Indirect Comparison between Molecular Dynamics Simulations and Experiments of Mechanical Nanomachining on Single Crystalline Copper

Abstract

Abstract:

One methodology was proposed to indirectly compare molecular dynamics simulations of probe-based echanical nanomscratching on single crystalline copper with experiments. The quantitative comparison of elastic modulus of workpiece, the quantitative comparison of mechanical property of workpiece via nanoindentation, and the qualitative comparison of machined surface morphology were conducted sequentially. Molecular dynamics simulations of compression, shear, tension, and nanoindentation on single crystalline Cu show that the calculated elastic modulus of simulated workpiece are in good agreement with experimental data, and the symmetry of surface pile up after nanoindentation matches well with experimental observation. The comparison results demonstrate that the utilized potential of embedded-atom method accurately describes atomic interactions between copper atoms, which supplies high accuracy for consequent molecular dynamics simulations. It is shown that the experimental results of mechanical nanomachining can be well predicted by molecular dynamics simulations.

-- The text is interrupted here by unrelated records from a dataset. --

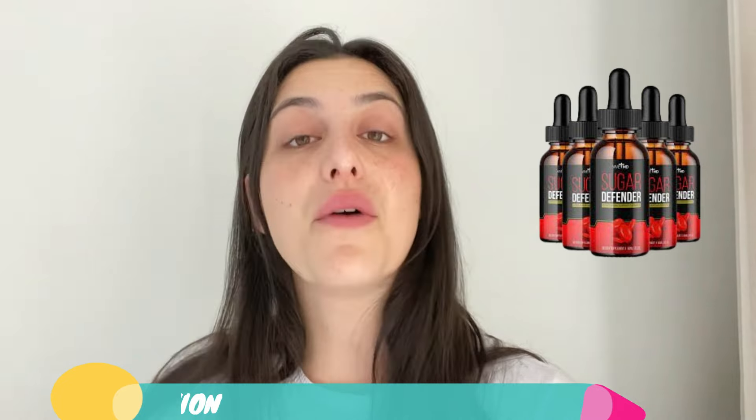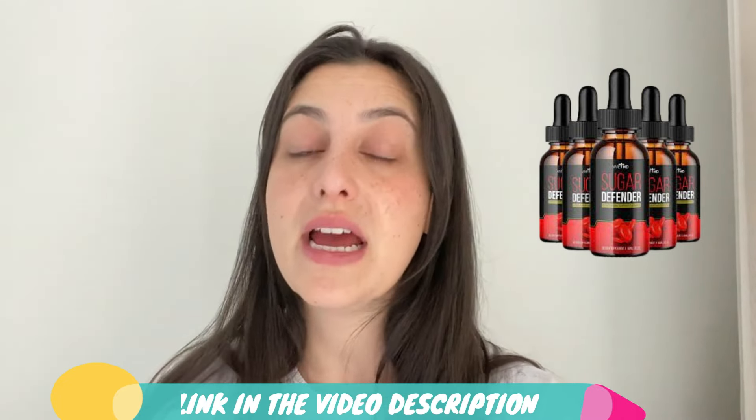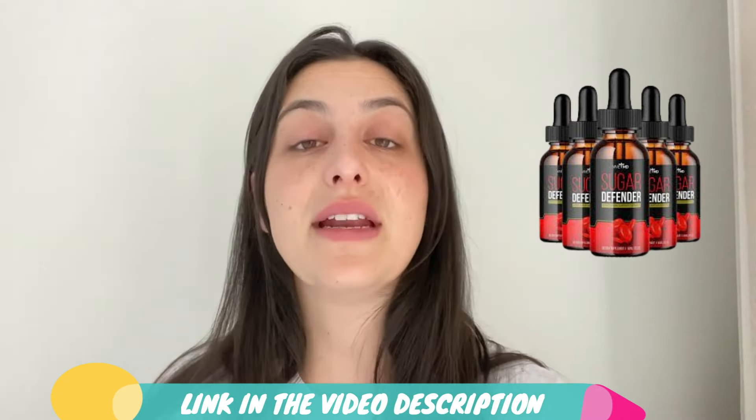If you watch this video until the very end and want more information about it, I managed to find the link for the official website and I left it just below in the description of my video. All you have to do is go to the description box and click on the link — that'll take you directly to their official website. I really recommend you stay with me because the alerts will only be available here on this video.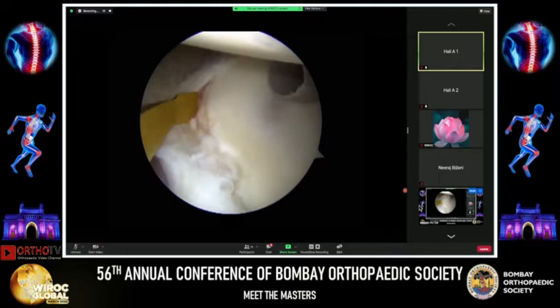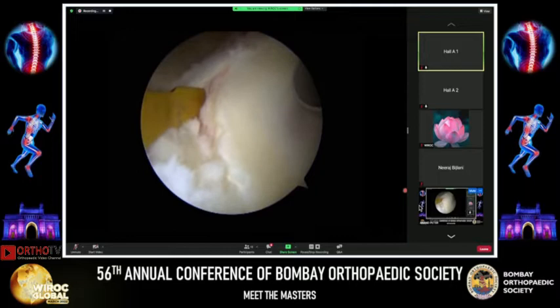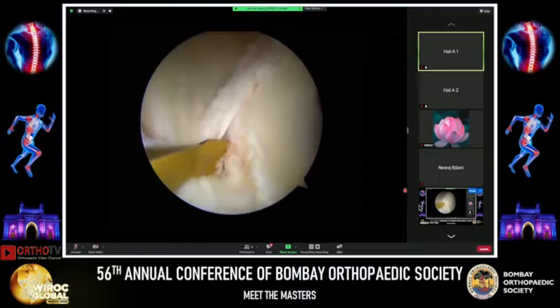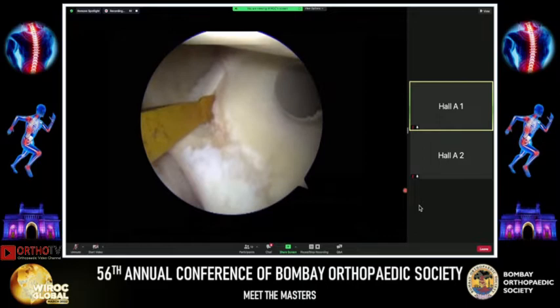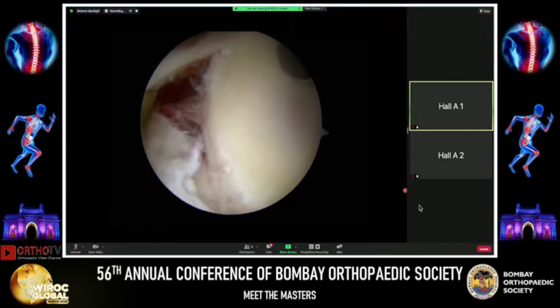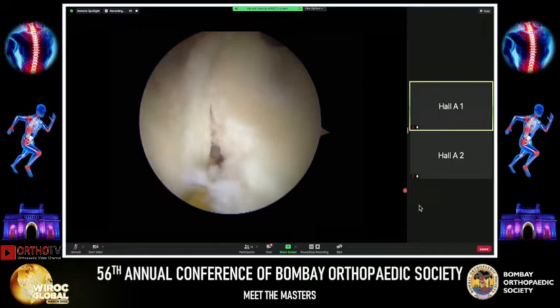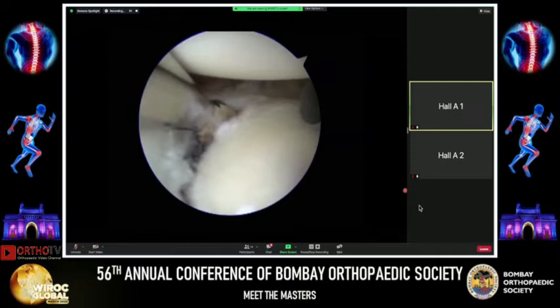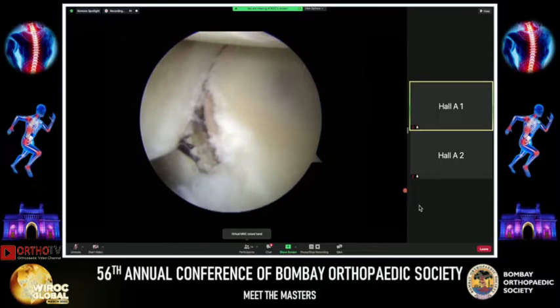Once the diagnostic part is over, we move to the second part: the release and preparation. I put a soft tissue liberator from the anterior portal and release the labrum and capsule, ensuring enough soft tissue for adequate retensioning. Finding the appropriate plane between bone and soft tissues, I release all of the anterior labrum with the capsule off the glenoid.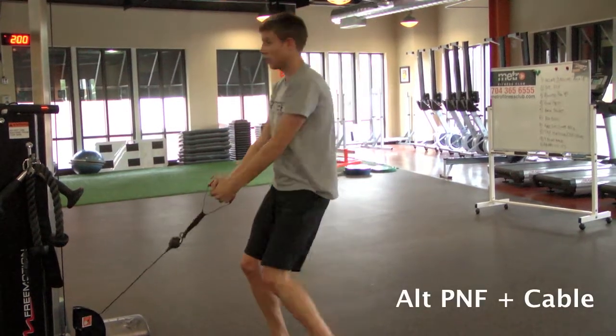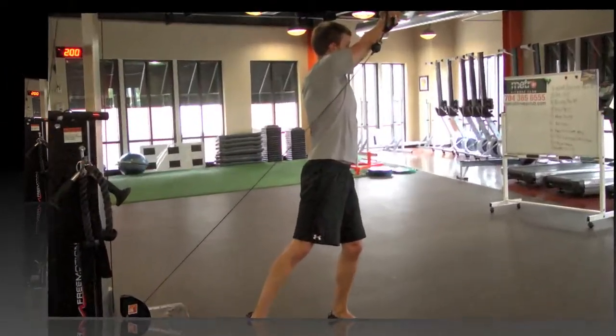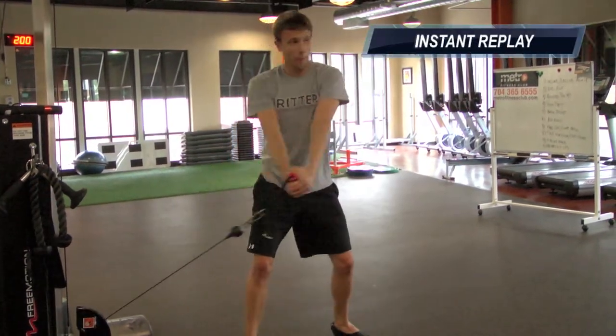Feet shoulder-width apart, or a little bit more. You're going to engage your core, elbows are straight, and you're going to pull across your body up until as high as you can go. The back foot is going to rotate a little bit. The front foot stays still.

Key words: mechanical nanomachining, single crystalline copper, molecular dynamics, surface morphology

摘要：

以单晶铜微探针纳米刻划加工为例，提出了一种分子动力学模拟与实验的间接对比方法,依次开展了工件材料的弹性常量的定量对比、工件材料机械性能的纳米压痕测量的定量对比、已加工表面形貌的定性对比。单晶铜工件压缩、剪切、拉伸和纳米压痕的分子动力学模拟显示,分子动力学模拟体系的弹性模量与实验测得值相同，压痕后工件表面材料堆积的对称特性与实验结果相符。研究结果表明，所使用的嵌入原子势能函数可以精确地描述单晶铜工件中铜原子之间的相互作用，纳米机械加工的分子动力学模拟具有较高的精度，并且可以很好地预测纳米机械加工的实验结果。

关键词: 纳米机械加工, 单晶铜, 分子动力学, 表面形貌

CLC Number:

TG501.1

Zhang Junjie, Yan Yongda, Sun Tao, Gao Qiang, Liang Yingchun, Dong Shen. Indirect Comparison between Molecular Dynamics Simulations and Experiments of Mechanical Nanomachining on Single Crystalline Copper[J]. China Mechanical Engineering, 2013, 24(24): 3289-3294.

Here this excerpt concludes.